An email from Hamilton Russell Vineyards this week brought an item of interest. The star South African property has begun putting a small amount of its fine estate chardonnay into small, 160 liter clay amphorae.
The amphorae, seen above, are lined with clay drawn from the property itself, which is located about 70 miles southeast of Cape Town. Vineyards lie close to South Africa’s Atlantic coast.
The idea is to ferment and age fruit from the property’s oldest chardonnay vineyards in clay with a view to achieving the same amount of air exchange as would be provided by barrels, but without infusing the wine with either wood tannins or the flavors and aromas that come from toasting.
While the use of stainless steel achieves many of the same objectives, inox doesn’t insinuate the minute amounts of oxygen that promote a wine’s even, natural evolution.
The press release says that juice from Hamilton Russell’s older vineyards ripen to much lower alcohol levels than that from more recently-planted sites, often struggling to reach 12 percent. “These vineyards produce wines that are all too easily overwhelmed by newer wood, or lack vibrant freshness in older wood,” it reports.
Experiments with pots fashioned by local artisans have been going on at the property since 2005. The 2011 chardonnay is the first to incorporate a component of amphorae-conditioned wine in its assemblage. Eventually, winemaker Hannes Storm and owner Anthony Hamilton Russell would like to see around 10 percent of their estate chardonnay fermented and aged in local clay rather than barrel.

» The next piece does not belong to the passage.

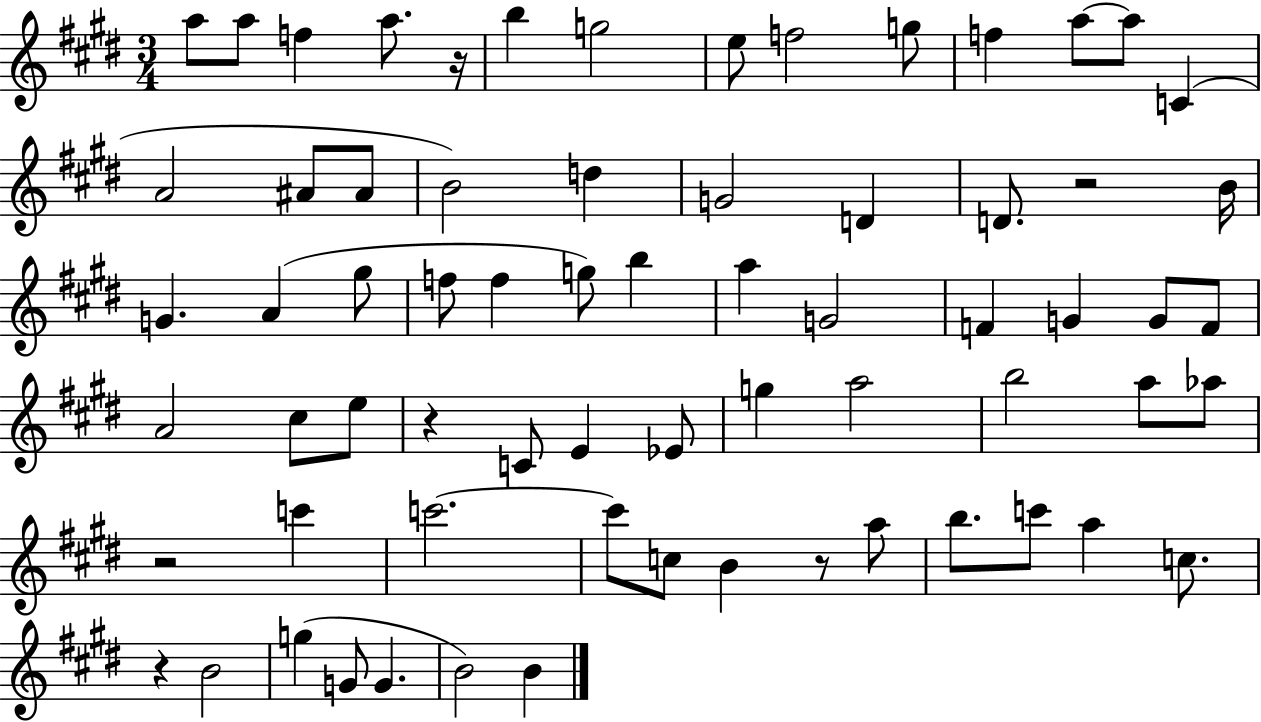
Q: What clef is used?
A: treble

Clay amphorae were ubiquitous in the ancient Mediterranean world. Greeks and Romans stored and shipped wine (and many other commodities) this way. A typical Roman trade ship might carry 10,000 or more. The shift to barrels came as winemaking migrated into the heavily-forested lands of northern Europe, where wood, not clay, was the standard means for storing and moving goods and cooperage was well-understood. For some fun, watch Dan Unsworth of Ingleton Pottery in Yorkshire throw a small Dressel 1 style amphora here.

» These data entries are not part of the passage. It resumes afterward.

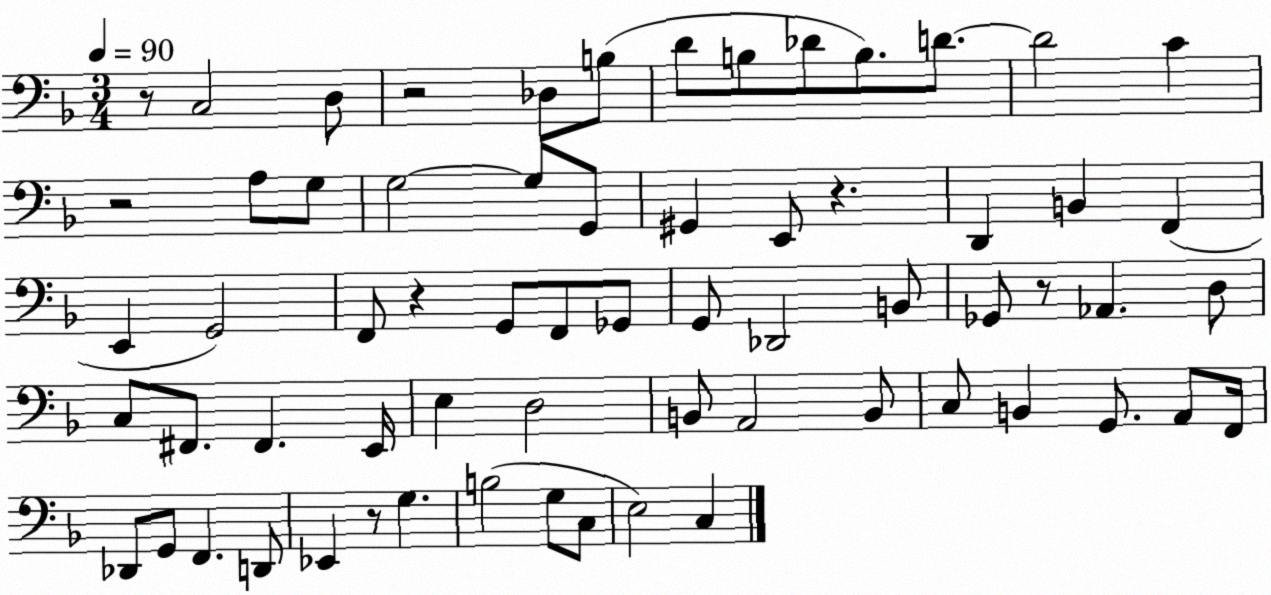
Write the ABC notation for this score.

X:1
T:Untitled
M:3/4
L:1/4
K:F
z/2 C,2 D,/2 z2 _D,/2 B,/2 D/2 B,/2 _D/2 B,/2 D/2 D2 C z2 A,/2 G,/2 G,2 G,/2 G,,/2 ^G,, E,,/2 z D,, B,, F,, E,, G,,2 F,,/2 z G,,/2 F,,/2 _G,,/2 G,,/2 _D,,2 B,,/2 _G,,/2 z/2 _A,, D,/2 C,/2 ^F,,/2 ^F,, E,,/4 E, D,2 B,,/2 A,,2 B,,/2 C,/2 B,, G,,/2 A,,/2 F,,/4 _D,,/2 G,,/2 F,, D,,/2 _E,, z/2 G, B,2 G,/2 C,/2 E,2 C,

I’m looking forward to tasting HRV’s 2010 and 2011 chardonnays side by side later this week. As a longtime admirer of Anthony Hamilton Russell’s wines, I’m not expecting to notice any dramatic difference between them, but you have to be impressed by the close attention paid here to making incremental improvements to what is already world class pinot and chardonnay and the genuine (as opposed to merely rhetorical) commitment to elegant, traditionally-proportioned, classically-structured wines.